An altered HOXB13 gene may increase a patient’s risk for developing prostate cancer. The HOXB13 gene is expressed in the prostate beginning in early development and affects prostate cell proliferation and differentiation and androgen receptor regulation. When it acts as a tumor suppressor gene, HOXB13 codes for a protein that regulates cell division. However, altered copies of HOXB13 are inactivated, meaning that it does not function properly or does not produce the protein it codes for, resulting in uncontrolled cell division.

Cancer Risks

Although many cases of prostate cancer are detected early and remain localized, a subset involves more aggressive disease, leading to metastasis and significant morbidity and mortality. Researchers are working to identify individual factors that increase risk in patients who might benefit from earlier and more intensive surveillance.

An estimated 5%–15% of prostate cancers are attributed to germline pathogenic variants. Germline HOXB13 pathogenic variants have been consistently associated with prostate cancer risk and more aggressive prostate cancer, but their association with other cancer risks is unclear. 

Germline Biomarker Testing

ONS recommends using germline biomarker testing as the preferred term to describe testing for inherited genetic changes, which helps clinicians identify individuals for earlier screening than recommended in the general public. Early diagnosis promotes potentially curable disease and reduces risk of overtreatment, therapy-related side effects, and the need for systemic treatments, thereby decreasing overall healthcare costs.
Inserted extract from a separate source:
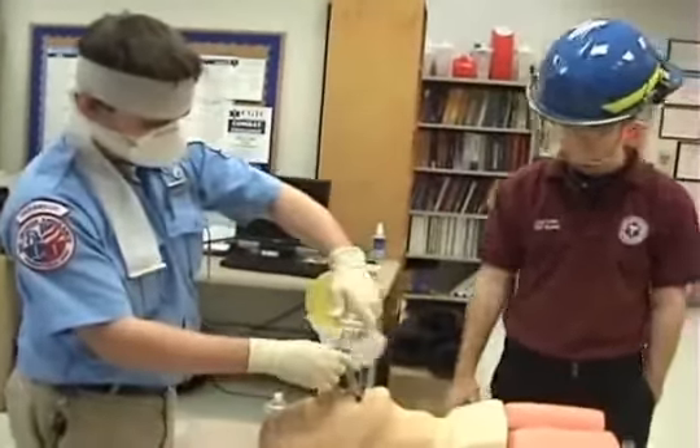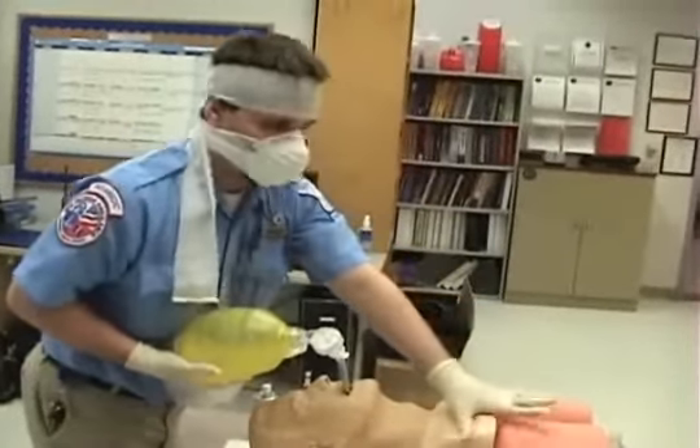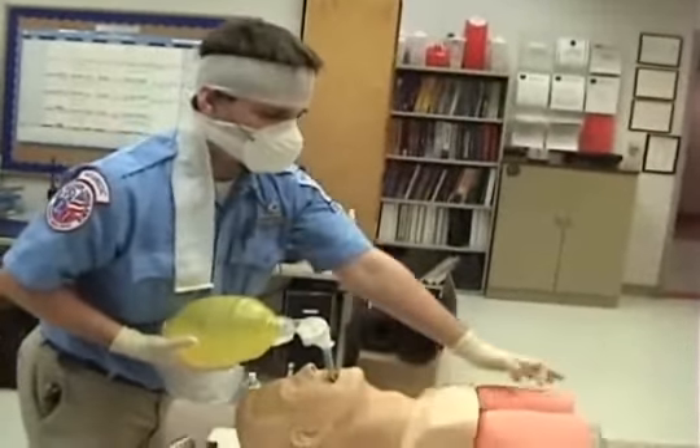We're going to ventilate through the number one tube. We're going to listen for epigastric sounds, watch for chest rise and fall, and listen for lung sounds.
Individuals with prostate cancer may be indicated for germline biomarker testing if they have:

  • A known pathogenic germline variant in their family
  • Metastatic prostate cancer
  • Intermediate-risk (Gleason 7 or higher) prostate cancer
  • Intraductal- or cribriform-pathology prostate cancer

Germline biomarker testing typically includes multiple genes found on multigene testing panels and also considers family history of breast, pancreatic, ovarian, melanoma, and other cancers.
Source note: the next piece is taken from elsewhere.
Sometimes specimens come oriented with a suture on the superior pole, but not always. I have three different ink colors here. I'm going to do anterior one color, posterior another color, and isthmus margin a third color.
The Northern European founder pathogenic variant, HOXB13 G84E, is the most studied HOXB13 variant. It is strongly correlated with an increased lifetime risk of developing prostate cancer (three to five times higher than the general population, which is 12.5%) and poorer prognosis, with a higher prostate-specific antigen at diagnosis, Gleason score, and incidence of positive surgical margins in radical prostatectomy specimens.
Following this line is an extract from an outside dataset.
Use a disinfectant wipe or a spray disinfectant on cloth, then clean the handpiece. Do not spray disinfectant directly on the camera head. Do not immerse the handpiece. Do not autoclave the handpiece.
In January 2022, the U.S. Food and Drug Administration approved adding HOXB13 G84E to the direct-to-consumer test 23andMe as a prostate cancer risk panel. It is the only variant on the panel and does not represent comprehensive germline biomarker testing for prostate cancer. Because consumer tests are readily available, patients may approach their oncology nurses with results and ask for guidance. Nurses should refer them to a genetics professional to determine whether they require additional or confirmatory testing, obtain recommendations for care based on a comprehensive risk assessment, and, if indicated, begin cascade testing for family members potentially at risk.

Prevention and Early Detection

Nurses have an important role in preventing prostate cancer in high-risk individuals or facilitating early detection. Assess both newly diagnosed patients and long-term survivors for red flags of hereditary risk, and familiarize yourself with the National Comprehensive Cancer Network guidelines’ recommendations for germline biomarker testing in prostate cancer. Instruct patients with a pathogenic HOXB13 variant on the importance of annual prostate cancer screening with a digital rectal examination and prostate-specific antigen biomarker beginning at age 40.

As knowledge about the HOXB13 gene’s significance evolves, review each patient’s screening recommendations every 12–18 months and update as needed to reflect new evidence or personal and family medical history.